[Supplied entries Boundary: Start]

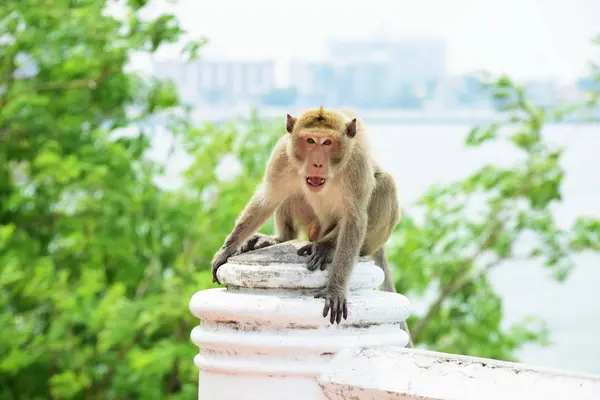 Singes Vivant Dans Les Montagnes Près Ville Thaïlande Photos Singes — Photo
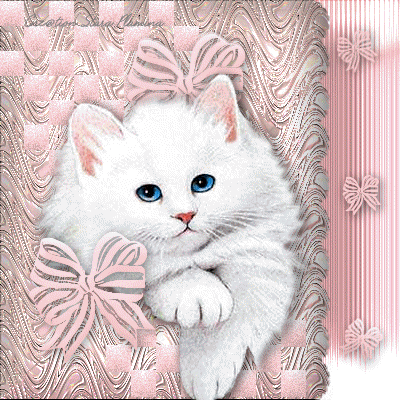 3D Gif Animations - Free download i love you images photo background  screensaver e-cards: Cats Glitter Photo Graphics Animated gifs free  pictures animals pets love Glitter gifs ecards clipart kitty love Cute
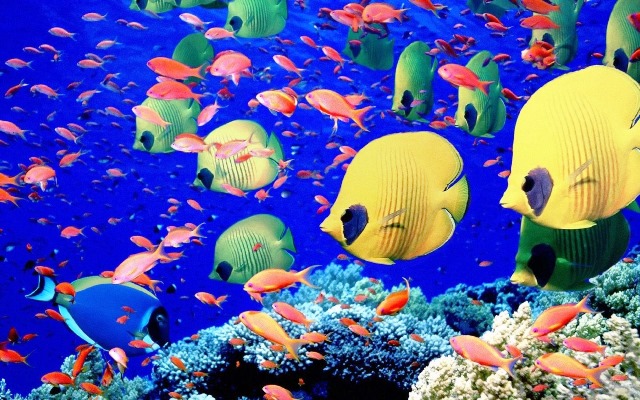 Интересные ответы на вопросы о коралловых рифах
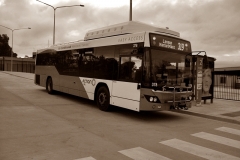 Bus378-csbs-2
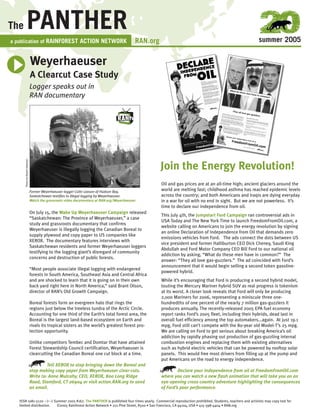 summer 2005
Logger speaks out in
RAN documentary
Oil and gas prices are at an all-time high; ancient glaciers around the
world are melting fast; childhood asthma has reached epidemic levels
across the country; and both Americans and Iraqis are dying everyday
in a war for oil with no end in sight. But we are not powerless. It’s
time to declare our independence from oil.
This July 4th, the Jumpstart Ford Campaign ran controversial ads in
USA Today and The New York Time to launch FreedomFromOil.com, a
website calling on Americans to join the energy revolution by signing
an online Declaration of Independence from Oil that demands zero
emissions vehicles from Ford. The ads connect the dots between US
vice president and former Halliburton CEO Dick Cheney, Saudi King
Abdullah and Ford Motor Company CEO Bill Ford to our national oil
addiction by asking, “What do these men have in common?” The
answer: “They all love gas-guzzlers.” The ad coincided with Ford’s
announcement that it would begin selling a second token gasoline-
powered hybrid.
While it’s encouraging that Ford is producing a second hybrid model,
touting the Mercury Mariner hybrid SUV as real progress is tokenism
at its worst. A closer look reveals that Ford will only be producing
2,000 Mariners for 2006, representing a miniscule three one-
hundredths of one percent of the nearly 7 million gas-guzzlers it
produces annually. The recently-released 2005 EPA fuel economy
report ranks Ford’s 2005 fleet, including their hybrids, dead last in
overall fuel efficiency among the top automakers...again. At just 19.1
mpg, Ford still can’t compete with the 80-year old Model-T’s 25 mpg.
We are calling on Ford to get serious about breaking America’s oil
addiction by rapidly phasing out production of gas-guzzling internal
combustion engines and replacing them with existing alternatives
such as hybrid electric vehicles that can be powered by rooftop solar
panels. This would free most drivers from filling up at the pump and
put Americans on the road to energy independence.
Declare your independence from oil at FreedomFromOil.com
where you can watch a new flash animation that will take you on an
eye-opening cross-country adventure highlighting the consequences
of Ford’s poor performance.
Former Weyerhaeuser logger Colin Leason of Hudson Bay,
Saskatchewan testifies to illegal logging by Weyerhaeuser.
Watch the grassroots video documentary at RAN.org/Weyerhaeuser
ISSN 1081-5120 >> Summer 2005 #167. The PANTHER is published four times yearly. Commercial reproduction prohibited. Students, teachers and activists may copy text for
limited distribution. ©2005 Rainforest Action Network • 221 Pine Street, #500 • San Francisco, CA 94104, USA • 415-398-4404 • RAN.org
RAN.org
Weyerhaeuser
A Clearcut Case Study
The PANTHER
a publication of RAINFOREST ACTION NETWORK
On July 15, the Wake Up Weyerhaeuser Campaign released
“Saskatchewan: The Province of Weyerhaeuser,” a case
study and grassroots documentary that confirms
Weyerhaeuser is illegally logging the Canadian Boreal to
supply plywood and copy paper to US companies like
XEROX. The documentary features interviews with
Saskatchewan residents and former Weyerhaeuser loggers
testifying to the logging giant’s disregard of community
concerns and destruction of public forests.
“Most people associate illegal logging with endangered
forests in South America, Southeast Asia and Central Africa
and are shocked to learn that it is going on in their own
back yard right here in North America,” said Brant Olson,
director of RAN’s Old Growth Campaign.
Boreal forests form an evergreen halo that rings the
regions just below the treeless tundra of the Arctic Circle.
Accounting for one third of the Earth’s total forest area, the
Boreal is the largest land-based ecosystem on Earth and
rivals its tropical sisters as the world’s greatest forest pro-
tection opportunity.
Unlike competitors Tembec and Domtar that have attained
Forest Stewardship Council certification, Weyerhaeuser is
clearcutting the Canadian Boreal one cut block at a time.
Tell XEROX to stop bringing down the Boreal and
stop making copy paper from Weyerhaeuser clear-cuts.
Write to: Anne Mulcahy, CEO, XEROX, 800 Long Ridge
Road, Stamford, CT 06904 or visit action.RAN.org to send
an email.
Join the Energy Revolution!
PhotobyRupertEastman
 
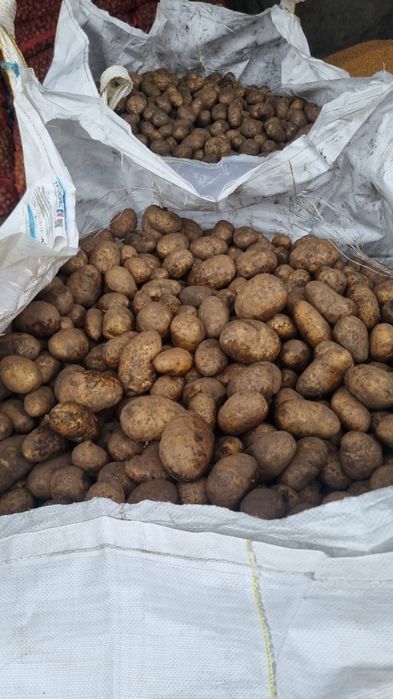 Cartofi consum Arizona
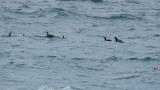 Pelagic Cormorants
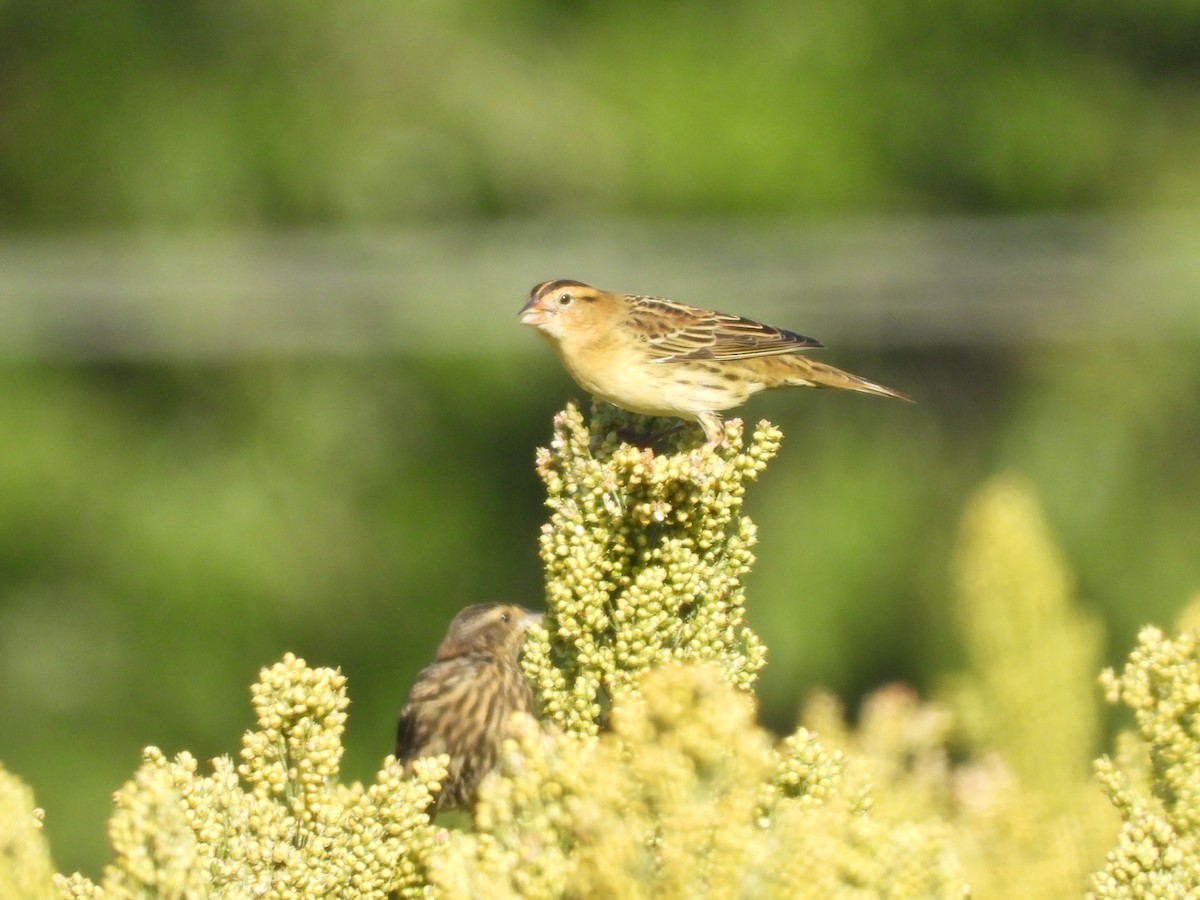 Bobolink - ML641412142
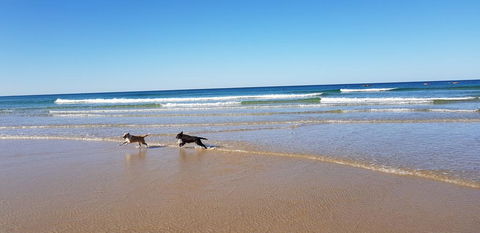 Red Door Beach House - Marcoola Beach - PET FRIENDLY, FOXTEL, WIFI, 500 BOND, Linen Supplied - Accommodation ACT 1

[Supplied entries Boundary: End]

▸ Requirement: Reproduce exactly the lines above from the line with "world are melting" to the line with "touting the Mercury", including both, and add nothing.

▸ Task solution:
world are melting fast; childhood asthma has reached epidemic levels
across the country; and both Americans and Iraqis are dying everyday
in a war for oil with no end in sight. But we are not powerless. It’s
time to declare our independence from oil.
This July 4th, the Jumpstart Ford Campaign ran controversial ads in
USA Today and The New York Time to launch FreedomFromOil.com, a
website calling on Americans to join the energy revolution by signing
an online Declaration of Independence from Oil that demands zero
emissions vehicles from Ford. The ads connect the dots between US
vice president and former Halliburton CEO Dick Cheney, Saudi King
Abdullah and Ford Motor Company CEO Bill Ford to our national oil
addiction by asking, “What do these men have in common?” The
answer: “They all love gas-guzzlers.” The ad coincided with Ford’s
announcement that it would begin selling a second token gasoline-
powered hybrid.
While it’s encouraging that Ford is producing a second hybrid model,
touting the Mercury Mariner hybrid SUV as real progress is tokenism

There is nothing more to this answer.